---------- Materials provided ----------

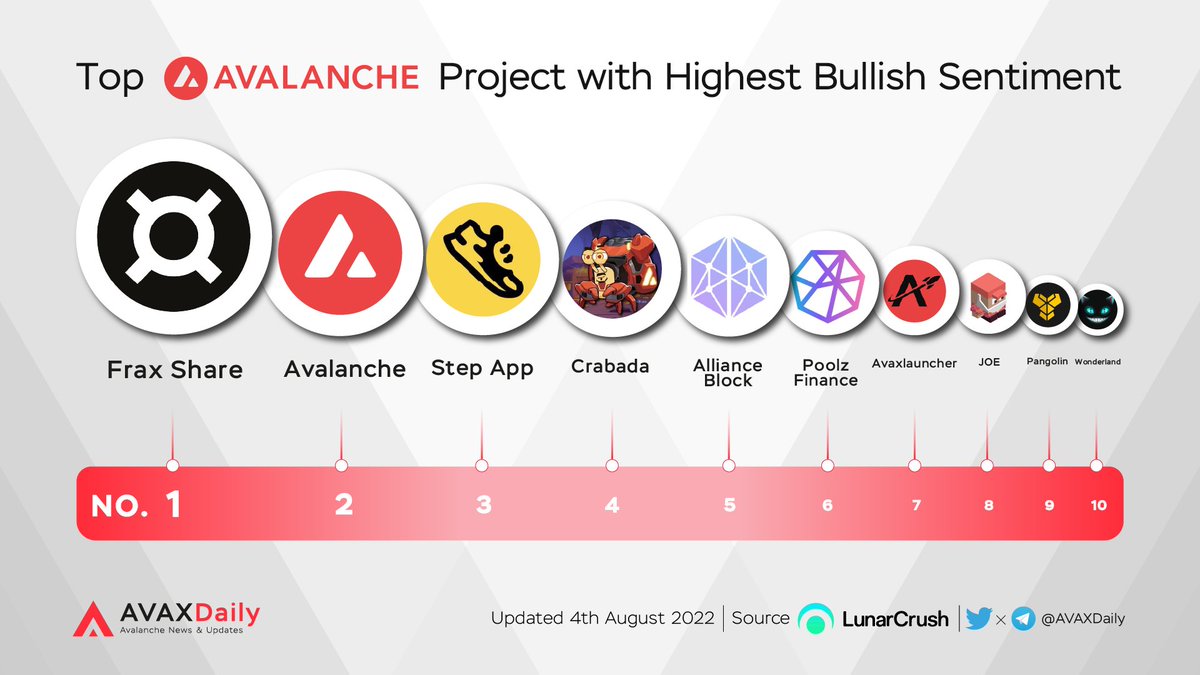 AVAX Daily 🔺 (@avaxdaily) on Twitter photo Top Avalanche Project with Highest Bullish Sentiment
$FXS <a href="/fraxfinance/">Frax Finance ¤⛓️¤</a>
$AVAX @avalancheavax
$FITFI @stepapp_
$CRA <a href="/PlayCrabada/">Crabada (🦀,🦀) 🔺</a>
$ALBT @allianceblock
$POOLZ <a href="/Poolz__/">Poolz Finance | We’re Hiring!</a>
$AVXL <a href="/AvaXlauncher/">AvaXlauncher</a>
$JOE @traderjoe_xyz
$PNG <a href="/pangolindex/">Pangolin ⚔️ (V3 Audit Is Complete)</a>
$TIME @wonderland_fi
#AVAX $AVAX Top Avalanche Project with Highest Bullish Sentiment
$FXS <a href="/fraxfinance/">Frax Finance ¤⛓️¤</a>
$AVAX @avalancheavax
$FITFI @stepapp_
$CRA <a href="/PlayCrabada/">Crabada (🦀,🦀) 🔺</a>
$ALBT @allianceblock
$POOLZ <a href="/Poolz__/">Poolz Finance | We’re Hiring!</a>
$AVXL <a href="/AvaXlauncher/">AvaXlauncher</a>
$JOE @traderjoe_xyz
$PNG <a href="/pangolindex/">Pangolin ⚔️ (V3 Audit Is Complete)</a>
$TIME @wonderland_fi
#AVAX $AVAX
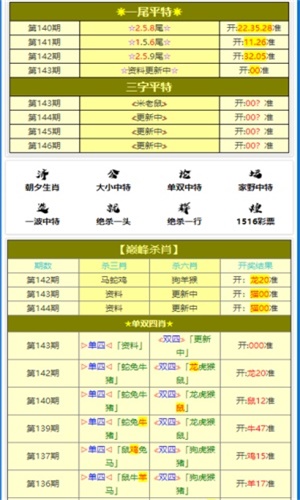 王中王最准一肖100免费公开,战略性实施方案优化_XR96.662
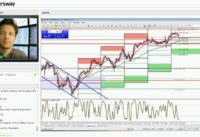 Forex Today Strategy Session (LIVE MARCH 15, 2016)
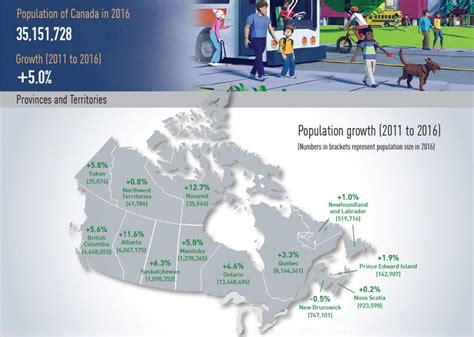 2016 Census 17 Million More Canadians Live In Canada Now News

----------

__Activity__
When repeating the entries, leave out every picture and keep the rest exact.

__Response below__
 AVAX Daily 🔺 (@avaxdaily) on Twitter photo Top Avalanche Project with Highest Bullish Sentiment
$FXS <a href="/fraxfinance/">Frax Finance ¤⛓️¤</a>
$AVAX @avalancheavax
$FITFI @stepapp_
$CRA <a href="/PlayCrabada/">Crabada (🦀,🦀) 🔺</a>
$ALBT @allianceblock
$POOLZ <a href="/Poolz__/">Poolz Finance | We’re Hiring!</a>
$AVXL <a href="/AvaXlauncher/">AvaXlauncher</a>
$JOE @traderjoe_xyz
$PNG <a href="/pangolindex/">Pangolin ⚔️ (V3 Audit Is Complete)</a>
$TIME @wonderland_fi
#AVAX $AVAX Top Avalanche Project with Highest Bullish Sentiment
$FXS <a href="/fraxfinance/">Frax Finance ¤⛓️¤</a>
$AVAX @avalancheavax
$FITFI @stepapp_
$CRA <a href="/PlayCrabada/">Crabada (🦀,🦀) 🔺</a>
$ALBT @allianceblock
$POOLZ <a href="/Poolz__/">Poolz Finance | We’re Hiring!</a>
$AVXL <a href="/AvaXlauncher/">AvaXlauncher</a>
$JOE @traderjoe_xyz
$PNG <a href="/pangolindex/">Pangolin ⚔️ (V3 Audit Is Complete)</a>
$TIME @wonderland_fi
#AVAX $AVAX
 王中王最准一肖100免费公开,战略性实施方案优化_XR96.662
 Forex Today Strategy Session (LIVE MARCH 15, 2016)
 2016 Census 17 Million More Canadians Live In Canada Now News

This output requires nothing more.